Reviews

Book Club: The Next Chapter Is Paper Thin

Jane Fonda, Candice Bergen, Mary Steenburgen, and Diane Keaton return for a strained sequel.
‘Book Club The Next Chapter Is Paper Thin
Courtesy of Focus Features

The ladies of Book Club: The Next Chapter do, at least, hold a few books at the start of their film. But that’s really the only nod to format. Quite unlike the first film—which was centered on later-in-life sexual (and sorta social) awakenings stirred by a specific tome, 50 Shades of Grey—this sequel doesn’t bother with finding another titillating novel to set its heroes on a new course. Instead, they just decide to go to Italy, mostly as a bachelorette party.

Never-married bon vivant Vivian (Jane Fonda) is set to get hitched to the beau she fell for in the first film, Arthur (Don Johnson). She reveals her happy news to her best pals—retired judge Sharon (Candice Bergen), recently out of work chef Carol (Mary Steenburgen), and merry-ish widow Diane (Diane Keaton)—after months, if not over a year, of quarantine separation. Yes, I’m sorry to report that the new Book Club movie drags us back into the socially distanced, Zoom-box hell of yesteryear. But only in an opening montage, in which life changes are laid out and books are held up to the camera to remind us why the movie is called what it is.

Then it’s off to Italy, a trip that leads each of the girls to some sort of epiphany. Carol has become overly protective of her husband, Bruce (Craig T. Nelson), since he had a mild heart attack. She must learn to embrace the time they have together rather than drastically limiting their lives for fear of death. Vivian is contending with nuptial doubts; she keeps seeing signs that she’s made the wrong choice, that she’s giving up who she is in favor of something so pedestrian and limiting as marriage. Sharon is, eh, I dunno, just making funny jokes and exploring her newfound promiscuity, while Diane is figuring out what to do with her dead husband’s ashes—and what to do with her still living boyfriend, Mitchell (Andy Garcia). 

Those plot points are secondary to the main sell of the film, of course, which is to see this quartet of grande dames make ribald jokes (yuks about a man’s “meatballs” and someone’s “bouche” being “amused,” etc.) in postcard-perfect Italian locations. The movie delivers on that premise, though the jokes are more strained, less organically sourced than they were in the first film, in which 50 Shades provided a sturdy thematic springboard. Bergen succeeds best at enlivening the new film’s limp (ha, limp! Like a penis!) material, so trained is her sitcom timing.
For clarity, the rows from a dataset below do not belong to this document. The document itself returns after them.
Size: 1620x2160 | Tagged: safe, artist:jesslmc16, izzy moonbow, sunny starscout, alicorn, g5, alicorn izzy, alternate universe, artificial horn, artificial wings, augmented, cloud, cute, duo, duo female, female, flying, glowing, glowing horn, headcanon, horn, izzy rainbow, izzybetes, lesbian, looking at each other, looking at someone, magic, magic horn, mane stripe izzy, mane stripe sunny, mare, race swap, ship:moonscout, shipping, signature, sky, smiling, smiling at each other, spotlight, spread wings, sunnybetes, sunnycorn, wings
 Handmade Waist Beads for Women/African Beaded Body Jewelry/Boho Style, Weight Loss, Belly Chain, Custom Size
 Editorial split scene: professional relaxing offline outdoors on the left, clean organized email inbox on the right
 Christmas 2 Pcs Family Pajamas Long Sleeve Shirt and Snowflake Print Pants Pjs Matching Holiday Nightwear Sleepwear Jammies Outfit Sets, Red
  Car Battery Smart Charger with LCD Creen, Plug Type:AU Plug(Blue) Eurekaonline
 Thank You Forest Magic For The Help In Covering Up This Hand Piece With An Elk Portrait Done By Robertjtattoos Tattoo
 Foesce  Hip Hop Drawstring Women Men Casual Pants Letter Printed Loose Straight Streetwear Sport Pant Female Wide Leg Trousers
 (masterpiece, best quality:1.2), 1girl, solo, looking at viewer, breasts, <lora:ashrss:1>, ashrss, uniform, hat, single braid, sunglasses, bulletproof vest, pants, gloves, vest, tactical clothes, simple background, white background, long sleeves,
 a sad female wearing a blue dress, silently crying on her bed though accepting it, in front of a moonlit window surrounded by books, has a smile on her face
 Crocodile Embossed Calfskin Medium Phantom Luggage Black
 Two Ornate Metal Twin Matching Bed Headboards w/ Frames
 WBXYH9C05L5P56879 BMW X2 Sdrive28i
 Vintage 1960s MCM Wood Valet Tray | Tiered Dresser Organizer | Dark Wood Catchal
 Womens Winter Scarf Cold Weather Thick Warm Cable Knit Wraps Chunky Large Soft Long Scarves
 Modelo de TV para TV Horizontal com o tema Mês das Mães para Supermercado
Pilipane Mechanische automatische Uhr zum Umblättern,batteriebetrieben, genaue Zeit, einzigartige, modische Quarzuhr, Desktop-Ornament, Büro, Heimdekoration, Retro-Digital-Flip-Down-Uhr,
The others are all perfectly fine, though Keaton remains lost in an abstraction of her famous kooky persona, while Fonda seems stuck on repeat so soon after her similarly hot-tamale turn in 80 for Brady. Everyone is on repeat, really, simply trying to squeeze some extra juice out of a wacky idea that worked well once before. (The original Book Club earned nearly eight times its budget at the box office.) Which, to be fair, makes them no different from many of their younger colleagues stuck on the franchise hamster wheels of the IP era.

What’s really missing in this followup film is a compelling emotional current, one to match the bittersweet poignance of the first film (and, it must be said, that of 80 for Brady). There is plenty of sentiment in the film’s goopy conclusion, but it’s tacked-on, perfunctory. Compare this film to the woozy, lyrical sequel The Second Best Exotic Marigold Hotel and it seems pamphlet thin.

Given that the older-ladies lark has grown into a financially viable genre, I’m wondering where all the truly good scripts are. Where is the wit and sparkle of, say, a First Wives Club, or even a Mamma Mia: Here We Go AgainBook Club’s four stars—and others like them—deserve material that’s specific, clever, surprising in some way. These plug-and-play movies have lost much of their charm at this point, feeling more like a slightly degrading duty than any kind of demographic triumph. Which may be overthinking it. But shouldn’t a movie about a book club feel at least a little bit literate?